» MATERIAL PROVIDED:
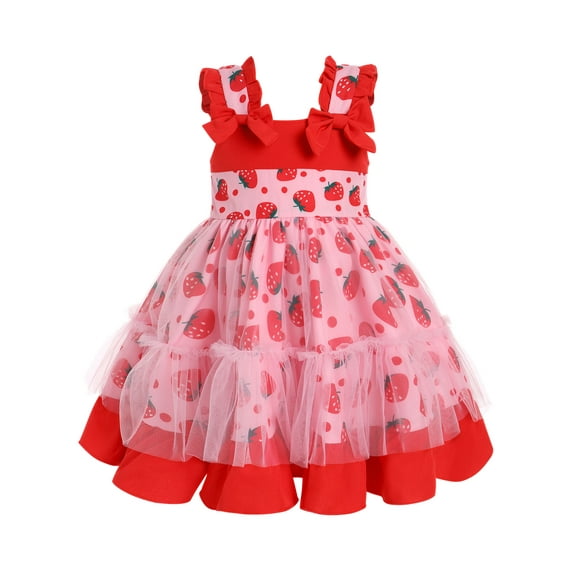 IWEMEK Little Girls Dress Strawberry Cute Mesh Tutu Sleeveless Bowknot Fairy Dresses Polka Dot Princess Sundress 2025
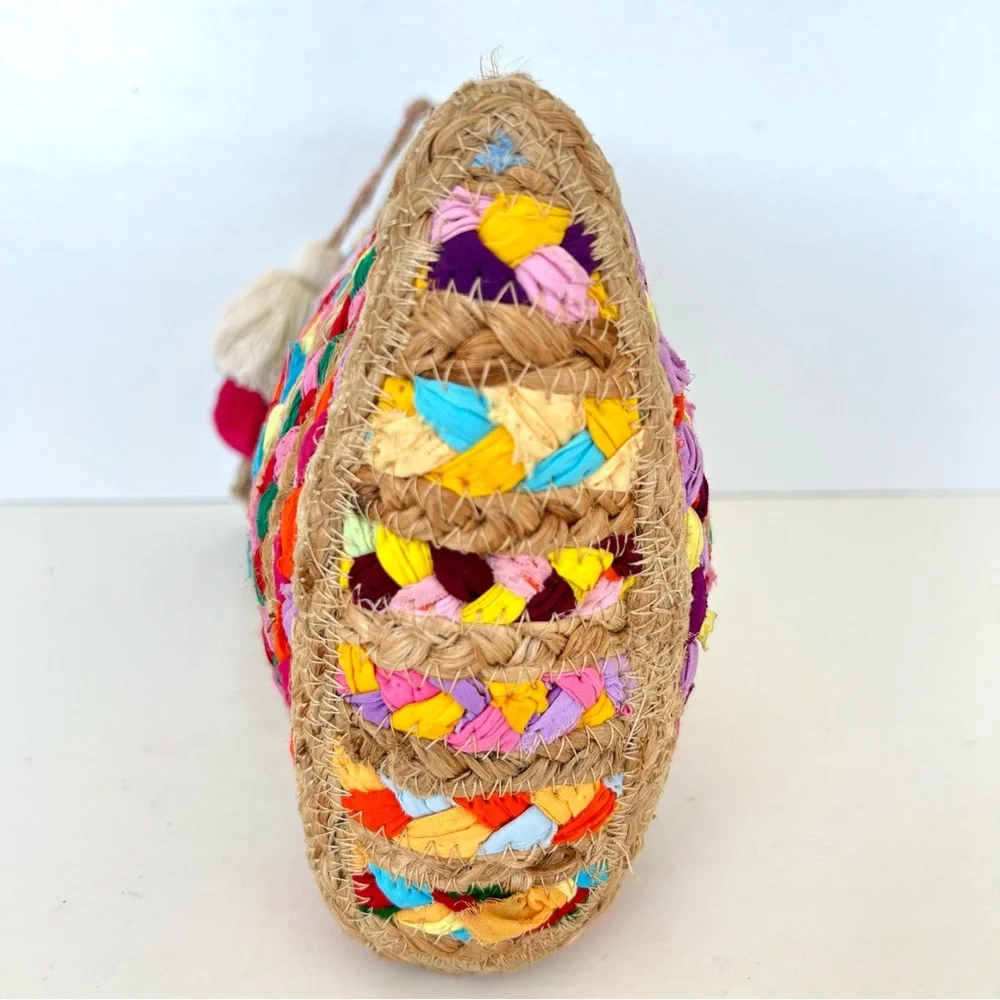 ANTIK KRAFT Beige Woven Jute Raffia Multicolor Braided Strip Fabrics Clutch NWT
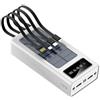 WildOath Power Bank portatile a energia solare con cavi integrati, nero, bianco, display a LED, ricarica solare, design compatto da viaggio (bianco, milliampere, 50000.0)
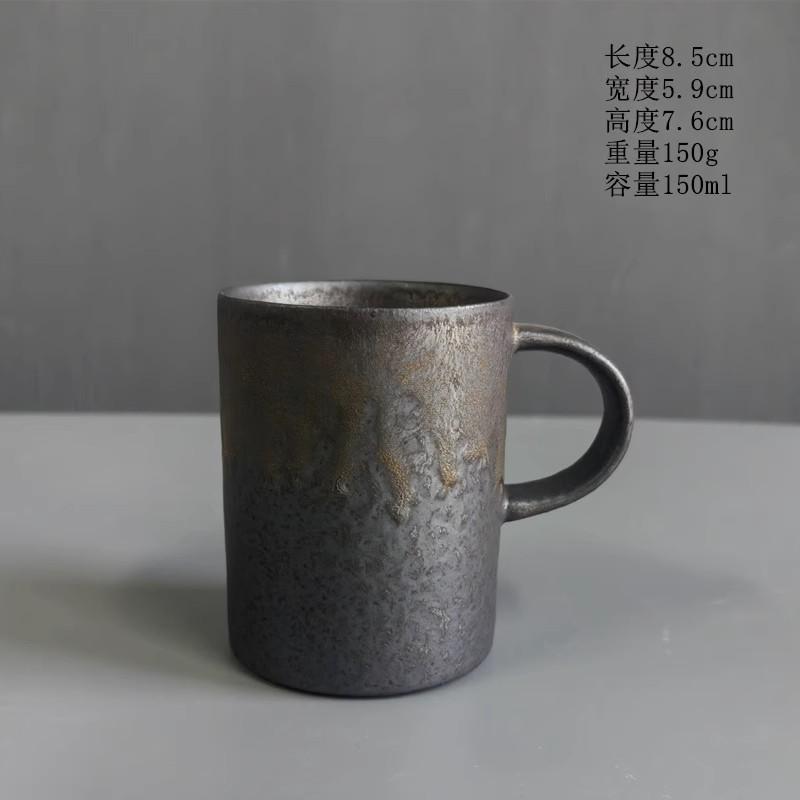 Ceramic Coffee Mug, Creative Retro Coarse Ceramic Rust Glaze, Milk Coffee Cup with Wooden Handle, Tea Set, Household Water Cup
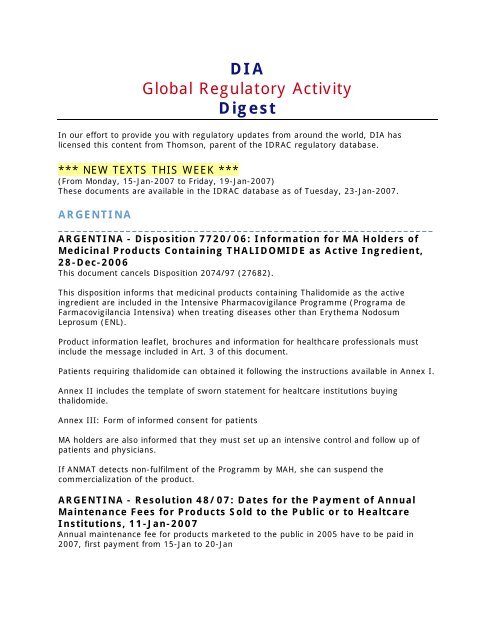 Dia Global Regulatory Activity Digest Drug Information Association Dia Global Regulatory Activity Digest Drug Information Association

» HOW TO COMPLETE THIS TASK: Print the whole listing exactly, please, and keep any images out of it.

» EXERCISE OUTPUT:
 IWEMEK Little Girls Dress Strawberry Cute Mesh Tutu Sleeveless Bowknot Fairy Dresses Polka Dot Princess Sundress 2025
 ANTIK KRAFT Beige Woven Jute Raffia Multicolor Braided Strip Fabrics Clutch NWT
 WildOath Power Bank portatile a energia solare con cavi integrati, nero, bianco, display a LED, ricarica solare, design compatto da viaggio (bianco, milliampere, 50000.0)
 Ceramic Coffee Mug, Creative Retro Coarse Ceramic Rust Glaze, Milk Coffee Cup with Wooden Handle, Tea Set, Household Water Cup
 Dia Global Regulatory Activity Digest Drug Information Association Dia Global Regulatory Activity Digest Drug Information Association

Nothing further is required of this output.